La mujer debe ser creativa, sensible, inteligente, porque después del amor, agotado el cuerpo, satisfecha la libido, ¿qué queda? No es que quiera decir que no importe el físico, no hay nada más lindo que un par de senos rozando tu rostro o un espigado par de piernas que te reciben y se agitan nerviosas mientras tus labios recorren sus alargados territorios. La sensualidad de la mujer debe ir acompañada de inteligencia, después del amor sólo quedan sobre la cama dos buenos amigos dispuestos a compartir sus cosas, sus gustos; después del amor, ya satisfechos los dos, no hay nada como quedarse frente a las llamas, contemplando unos ojos inteligentes y una boca que no sólo es capaz de extraerte los más profundos gemidos, una boca que además de besarte expresa conceptos inteligentes y comenta temas interesantes; descubrir que te puedes levantar desnudo por otra taza de café sin que a ella le importe, satisfecha ha dejado de pensar en el sexo, es ahora un ser donde impera la inteligencia. Platicar largamente, sin prisas, trampas o engaños, ni temor a expresar lo que piensas o sientes, sin miedo a ser mal interpretado o a que pueda usarse en tu contra lo que digas. Descubrir que esos oídos de los que te prendiste y todavía hace unos momentos estaban húmedos por tus besos, saben escucharte paciente, largamente.

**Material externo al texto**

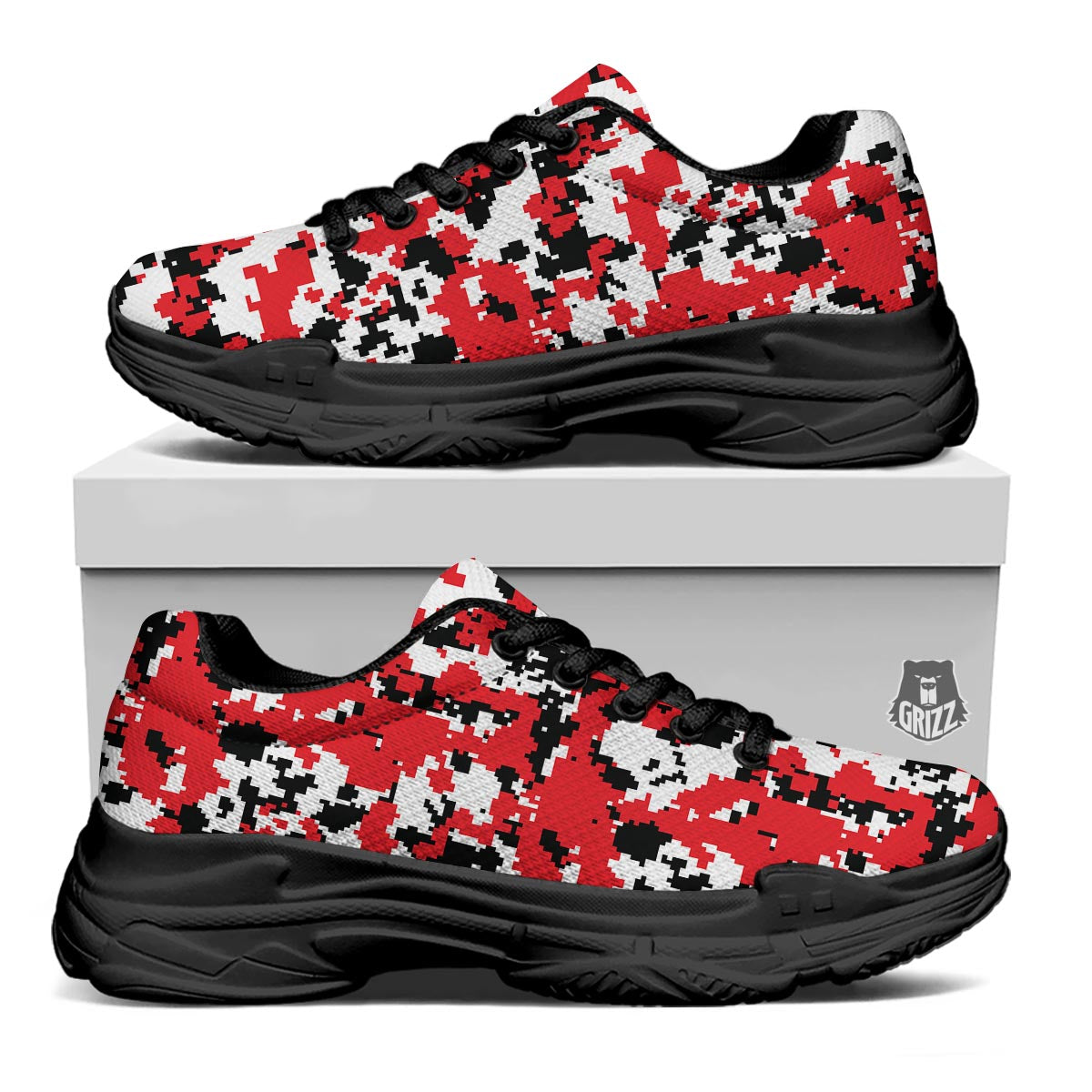 Digital Camo Red White And Black Print Pattern Black Chunky Shoes-grizzshop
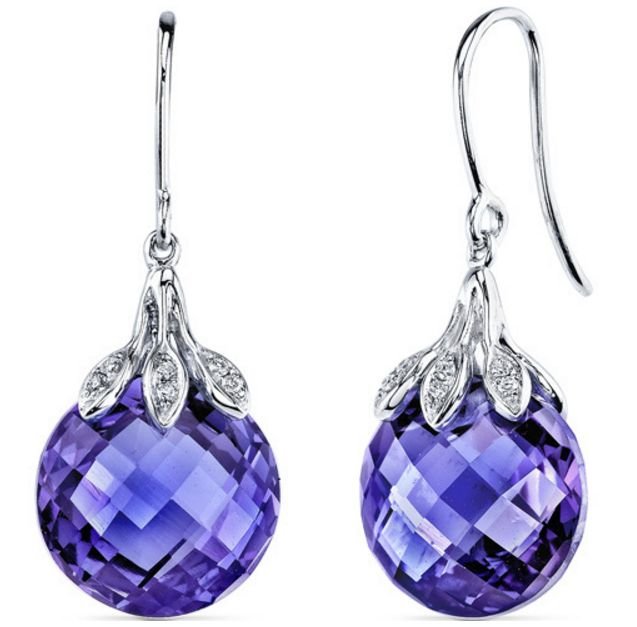 Image 1 of Alexandrite Checkerboard Purple Ball Diamond Hook 14K White Gold Earrings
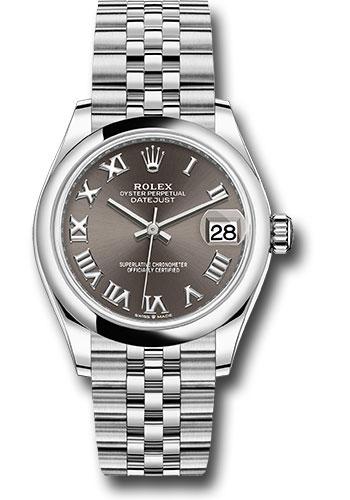 Rolex Steel and White Gold Datejust 31 Watch Domed Bezel Dark Grey
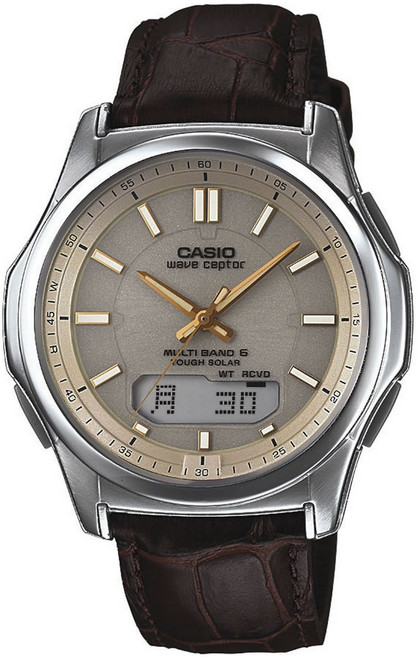 CASIO 卡西歐 男款WAVE CEPTOR系列皮革錶帶太陽能手錶 WVA-M630L-9AJF
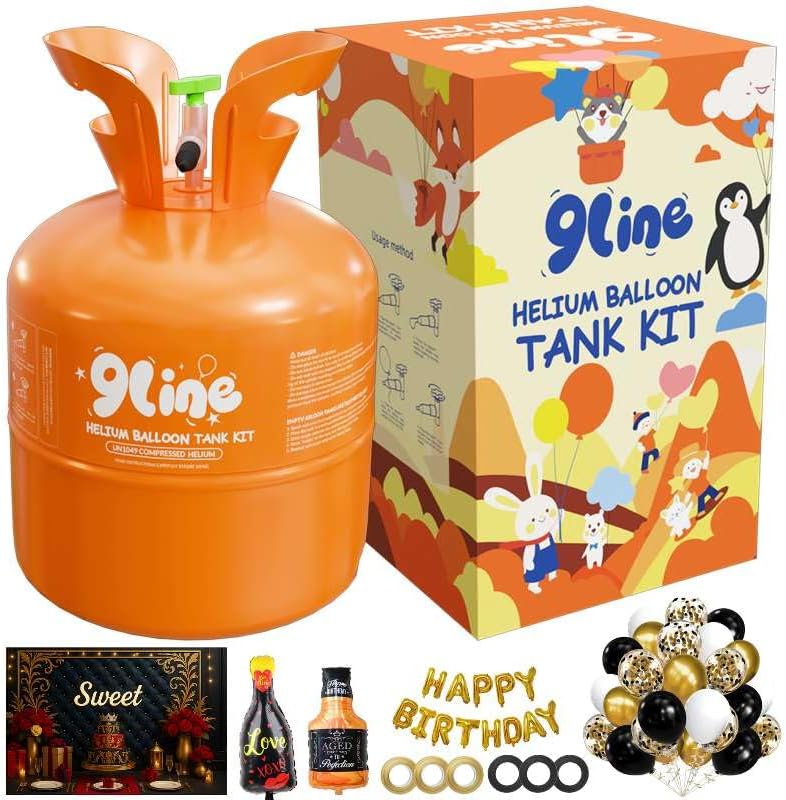 9Line 13L Helium Tank Up To 50 Latex Balloons,Helium Tank For Balloons At Home, 5012-lnch Black&Gold Latex Balloons, 15 Foil Balloons, 1 Happy Birthday 5.9X3.6Ft Backdrop, 8 Accessory Tools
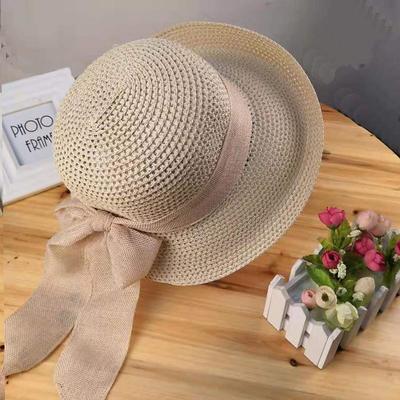 Big Brim Straw Hat, Solid Color Sun Hat Large Bow Tie Decor Beach Travel Cap Foldable UV Protection Hats
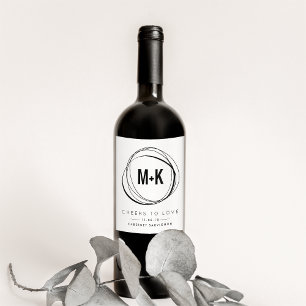 Moderne monogram bruiloft voor wijn etiket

Después del amor, ¿qué queda?, satisfechos los dos puede quedar el silencio que sólo es roto por el crepitar de los leños, ese silencio que no te atreves a romper. Después del amor quedan unos ojos que resplandecen de felicidad frente a la chimenea y un rostro que sostienes firmemente entre tus manos y te empeñas en memorizar, para el recuerdo, para el maldito recuerdo que nunca te abandonará. Después del amor, después del recuerdo, más allá del olvido puede quedar una habitación vacía, una chimenea apagada, un libro viejo en el que se encierra tu vida y una lágrima que se escapa sin querer al recordar aquellos ojos lindos y sus mejillas como duraznos carnosos entre tus manos.